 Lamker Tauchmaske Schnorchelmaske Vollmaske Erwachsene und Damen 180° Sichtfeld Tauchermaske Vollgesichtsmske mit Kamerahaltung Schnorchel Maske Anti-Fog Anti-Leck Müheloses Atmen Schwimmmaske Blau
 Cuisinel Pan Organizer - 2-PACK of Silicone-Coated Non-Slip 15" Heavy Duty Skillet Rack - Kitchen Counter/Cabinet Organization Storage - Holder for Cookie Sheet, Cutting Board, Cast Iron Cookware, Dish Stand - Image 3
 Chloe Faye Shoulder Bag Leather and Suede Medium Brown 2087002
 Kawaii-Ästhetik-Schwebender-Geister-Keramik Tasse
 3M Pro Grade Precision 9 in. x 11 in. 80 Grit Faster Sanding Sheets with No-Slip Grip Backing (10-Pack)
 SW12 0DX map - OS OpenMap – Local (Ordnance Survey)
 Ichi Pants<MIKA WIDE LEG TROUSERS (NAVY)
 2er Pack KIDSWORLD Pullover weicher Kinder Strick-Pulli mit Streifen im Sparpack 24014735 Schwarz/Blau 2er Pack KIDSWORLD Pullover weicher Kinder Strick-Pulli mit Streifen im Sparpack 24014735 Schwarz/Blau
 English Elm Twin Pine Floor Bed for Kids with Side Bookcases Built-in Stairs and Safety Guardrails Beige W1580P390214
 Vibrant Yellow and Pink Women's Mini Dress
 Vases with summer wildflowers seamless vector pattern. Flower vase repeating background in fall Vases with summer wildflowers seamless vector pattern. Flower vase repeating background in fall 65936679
━━━━━━━━━━━━━━━━━━━━━━━━━━━━━━
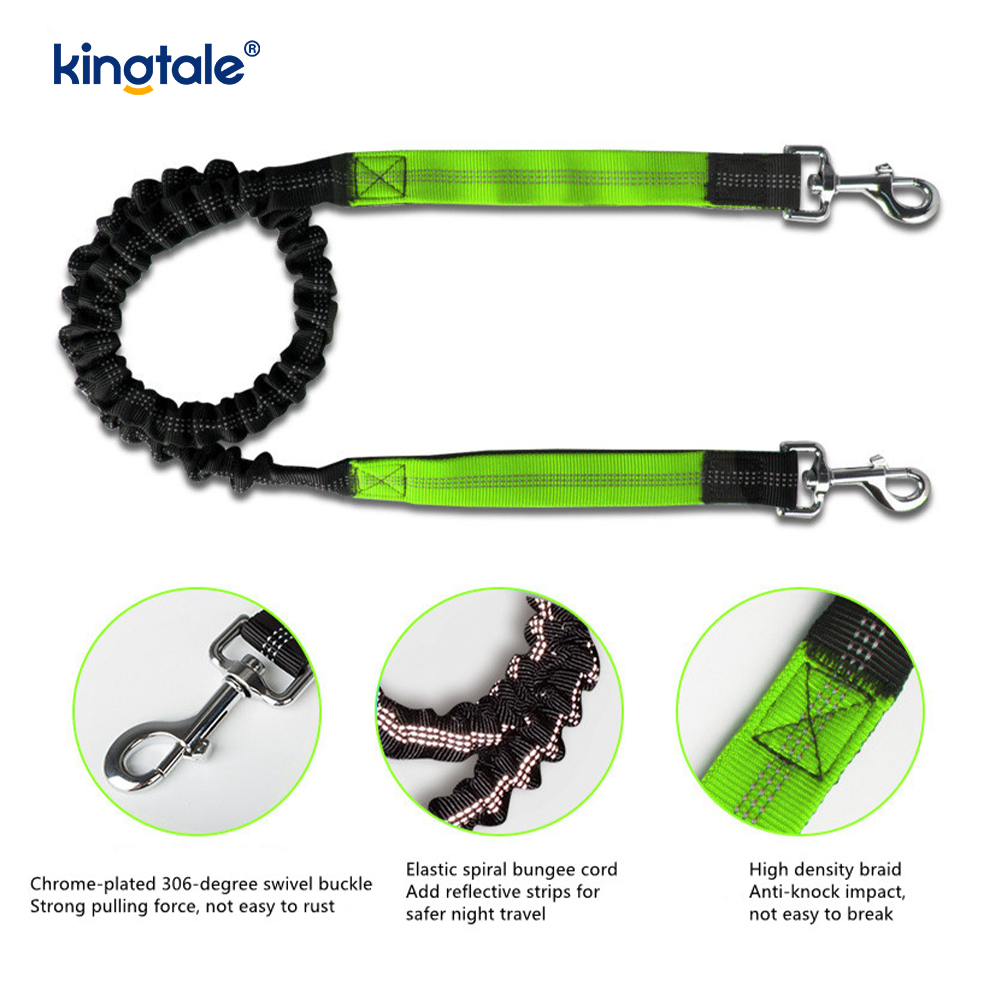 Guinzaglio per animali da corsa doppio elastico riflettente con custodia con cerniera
━━━━━━━━━━━━━━━━━━━━━━━━━━━━━━
ACTIVITY.
Return only the part of the records above that opens with the line containing "Lamker Tauchmaske Schnorchelmaske" and closes with the line containing "Kawaii-Ästheti", ends included.

ANSWER.
 Lamker Tauchmaske Schnorchelmaske Vollmaske Erwachsene und Damen 180° Sichtfeld Tauchermaske Vollgesichtsmske mit Kamerahaltung Schnorchel Maske Anti-Fog Anti-Leck Müheloses Atmen Schwimmmaske Blau
 Cuisinel Pan Organizer - 2-PACK of Silicone-Coated Non-Slip 15" Heavy Duty Skillet Rack - Kitchen Counter/Cabinet Organization Storage - Holder for Cookie Sheet, Cutting Board, Cast Iron Cookware, Dish Stand - Image 3
 Chloe Faye Shoulder Bag Leather and Suede Medium Brown 2087002
 Kawaii-Ästhetik-Schwebender-Geister-Keramik Tasse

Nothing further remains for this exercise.